LOGAN, Utah — Ursa Space Systems, a geospatial data and analytics company, announced plans to offer global reports on oil storage drawn from synthetic aperture radar (SAR) data.
Ursa plans to begin offering weekly reports tracking oil supplies in the Caribbean, the Middle East-North Africa region and Europe in 2017, adding reports for the Asia-Pacific, Africa and the Americas in 2018.
“We are going to be measuring a majority of the world’s oil storage to provide transparency,” Derek Edinger, Ursa co-founder and vice president for strategic partnerships, said Aug. 10 at the Small Satellite conference here. “It’s not just China that is important.”
In May, Ursa began offering customers weekly China Oil Storage reports.
“There are other places in the world in which there is no official reporting of oil inventories,” Julie Baker, Ursa co-founder and vice president of operations, told SpaceNews. “Our customers are asking for more, especially with this regional focus. With our satellite-based radar as a source, we can get reliable weekly information in cloudy areas of the world.”

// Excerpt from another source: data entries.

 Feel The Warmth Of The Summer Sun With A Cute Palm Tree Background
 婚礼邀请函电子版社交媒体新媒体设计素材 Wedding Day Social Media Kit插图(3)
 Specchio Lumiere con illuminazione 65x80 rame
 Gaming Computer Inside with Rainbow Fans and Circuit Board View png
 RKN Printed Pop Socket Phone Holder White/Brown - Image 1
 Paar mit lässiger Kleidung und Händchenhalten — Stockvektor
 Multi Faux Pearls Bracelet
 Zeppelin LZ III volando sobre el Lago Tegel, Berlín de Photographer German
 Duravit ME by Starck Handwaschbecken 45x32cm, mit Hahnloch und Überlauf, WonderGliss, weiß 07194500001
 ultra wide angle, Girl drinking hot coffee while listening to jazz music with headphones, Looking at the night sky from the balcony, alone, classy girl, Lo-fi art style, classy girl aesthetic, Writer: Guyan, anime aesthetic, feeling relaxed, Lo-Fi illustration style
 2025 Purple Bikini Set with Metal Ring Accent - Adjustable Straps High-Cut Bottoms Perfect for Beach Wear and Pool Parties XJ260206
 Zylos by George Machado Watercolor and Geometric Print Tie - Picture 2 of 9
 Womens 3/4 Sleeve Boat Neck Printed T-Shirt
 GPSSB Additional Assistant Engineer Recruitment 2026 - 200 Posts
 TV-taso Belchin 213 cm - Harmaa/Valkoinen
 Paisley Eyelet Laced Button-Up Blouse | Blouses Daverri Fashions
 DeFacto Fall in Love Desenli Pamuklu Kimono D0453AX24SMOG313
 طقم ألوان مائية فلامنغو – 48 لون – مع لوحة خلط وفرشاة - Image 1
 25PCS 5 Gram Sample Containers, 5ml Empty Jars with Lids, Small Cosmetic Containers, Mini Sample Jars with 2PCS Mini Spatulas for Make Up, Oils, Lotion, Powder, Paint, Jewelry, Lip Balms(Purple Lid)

Financial analysts and energy firms often struggle to find reliable sources of data on oil supplies in the Middle East and North Africa. “Oil storage gives a good indication of how much oil is being staged to be shipped out of that region,” Edinger said.
For Europe and the Americas, where reliable data is easier to obtain, customers are clamoring for the type of frequent updates Ursa will offer, Edinger said.
Ursa is not alone in using satellites to monitor oil supplies. Orbital Insight monitors more than 20,000 oil tanks around the world.
What sets Ursa apart is its reliance on SAR data. The Earth-observation imagery and information market is dominated by companies that capture and analyze visual imagery. In contrast, Ursa relies on SAR, which gathers imagery through clouds and smog, day and night.
Both Ursa and Orbital Insight forged agreements in June with Italy’s e-Geos, the company owned by Telespazio and the Italian space agency ASI that operates four Cosmos-SkyMed SAR satellites.